我们继续探索registerBeanPostProcessor方法的实现。
// 初始化并注册
protected void registerBeanPostProcessors(ConfigurableListableBeanFactory beanFactory) {
PostProcessorRegistrationDelegate.registerBeanPostProcessors(beanFactory, this);
}
public static void registerBeanPostProcessors(
ConfigurableListableBeanFactory beanFactory, AbstractApplicationContext applicationContext) {
String[] postProcessorNames = beanFactory.getBeanNamesForType(BeanPostProcessor.class, true, false);
// Register BeanPostProcessorChecker that logs an info message when
// a bean is created during BeanPostProcessor instantiation, i.e. when
// a bean is not eligible for getting processed by all BeanPostProcessors.

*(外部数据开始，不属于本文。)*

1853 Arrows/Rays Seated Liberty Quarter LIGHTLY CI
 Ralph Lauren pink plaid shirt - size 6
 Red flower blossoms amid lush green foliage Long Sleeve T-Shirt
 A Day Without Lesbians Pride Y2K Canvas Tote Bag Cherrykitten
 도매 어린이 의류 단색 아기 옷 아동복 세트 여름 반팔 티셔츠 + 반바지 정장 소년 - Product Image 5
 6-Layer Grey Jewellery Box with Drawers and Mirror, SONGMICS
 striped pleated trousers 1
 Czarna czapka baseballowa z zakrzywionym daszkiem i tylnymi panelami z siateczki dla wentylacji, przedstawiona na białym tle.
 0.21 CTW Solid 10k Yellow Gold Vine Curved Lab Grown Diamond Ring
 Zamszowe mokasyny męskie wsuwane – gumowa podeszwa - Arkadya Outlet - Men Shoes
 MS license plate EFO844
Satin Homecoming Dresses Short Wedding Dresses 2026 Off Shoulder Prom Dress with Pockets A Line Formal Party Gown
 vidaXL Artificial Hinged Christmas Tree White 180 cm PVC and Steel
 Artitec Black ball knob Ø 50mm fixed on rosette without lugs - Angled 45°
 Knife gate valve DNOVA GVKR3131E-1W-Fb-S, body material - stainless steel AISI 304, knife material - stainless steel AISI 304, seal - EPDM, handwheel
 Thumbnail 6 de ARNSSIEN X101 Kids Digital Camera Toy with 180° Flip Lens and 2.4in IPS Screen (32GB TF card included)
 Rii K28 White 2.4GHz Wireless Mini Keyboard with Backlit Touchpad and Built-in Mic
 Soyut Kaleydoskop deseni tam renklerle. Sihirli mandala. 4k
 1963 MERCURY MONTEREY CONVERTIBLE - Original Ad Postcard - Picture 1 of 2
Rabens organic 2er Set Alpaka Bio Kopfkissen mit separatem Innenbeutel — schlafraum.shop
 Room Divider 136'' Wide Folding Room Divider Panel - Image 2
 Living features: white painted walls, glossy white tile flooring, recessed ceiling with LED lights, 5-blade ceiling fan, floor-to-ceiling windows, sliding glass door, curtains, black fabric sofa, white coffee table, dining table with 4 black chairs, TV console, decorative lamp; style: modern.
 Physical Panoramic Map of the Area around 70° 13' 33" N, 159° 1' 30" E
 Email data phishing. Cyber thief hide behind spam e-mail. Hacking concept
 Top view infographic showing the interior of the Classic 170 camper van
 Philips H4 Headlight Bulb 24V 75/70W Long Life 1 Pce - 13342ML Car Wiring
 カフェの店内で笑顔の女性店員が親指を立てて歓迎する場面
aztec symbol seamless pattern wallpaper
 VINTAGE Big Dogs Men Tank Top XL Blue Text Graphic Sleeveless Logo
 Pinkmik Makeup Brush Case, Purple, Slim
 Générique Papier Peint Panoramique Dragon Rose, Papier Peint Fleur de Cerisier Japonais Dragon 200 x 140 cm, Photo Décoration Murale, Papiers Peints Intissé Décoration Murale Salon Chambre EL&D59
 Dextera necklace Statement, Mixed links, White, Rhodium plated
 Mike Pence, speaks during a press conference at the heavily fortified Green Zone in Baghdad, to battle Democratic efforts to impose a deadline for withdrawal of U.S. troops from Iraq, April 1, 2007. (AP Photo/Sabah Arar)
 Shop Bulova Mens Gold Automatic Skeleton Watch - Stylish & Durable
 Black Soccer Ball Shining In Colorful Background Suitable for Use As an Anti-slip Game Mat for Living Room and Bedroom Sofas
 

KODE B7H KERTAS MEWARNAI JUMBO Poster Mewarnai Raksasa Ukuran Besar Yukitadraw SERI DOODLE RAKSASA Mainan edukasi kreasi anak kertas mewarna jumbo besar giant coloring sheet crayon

int beanProcessorTargetCount = beanFactory.getBeanPostProcessorCount() + 1 + postProcessorNames.length;
beanFactory.addBeanPostProcessor(new BeanPostProcessorChecker(beanFactory, beanProcessorTargetCount));
// Separate between BeanPostProcessors that implement PriorityOrdered,
// Ordered, and the rest.
List<BeanPostProcessor> priorityOrderedPostProcessors = new ArrayList<>();
List<BeanPostProcessor> internalPostProcessors = new ArrayList<>();
List<String> orderedPostProcessorNames = new ArrayList<>();
List<String> nonOrderedPostProcessorNames = new ArrayList<>();
for (String ppName : postProcessorNames) {
if (beanFactory.isTypeMatch(ppName, PriorityOrdered.class)) {
BeanPostProcessor pp = beanFactory.getBean(ppName, BeanPostProcessor.class);
priorityOrderedPostProcessors.add(pp);
if (pp instanceof MergedBeanDefinitionPostProcessor) {
internalPostProcessors.add(pp);
}
}
else if (beanFactory.isTypeMatch(ppName, Ordered.class)) {
orderedPostProcessorNames.add(ppName);
}
else {
nonOrderedPostProcessorNames.add(ppName);
}
}
// First, register the BeanPostProcessors that implement PriorityOrdered.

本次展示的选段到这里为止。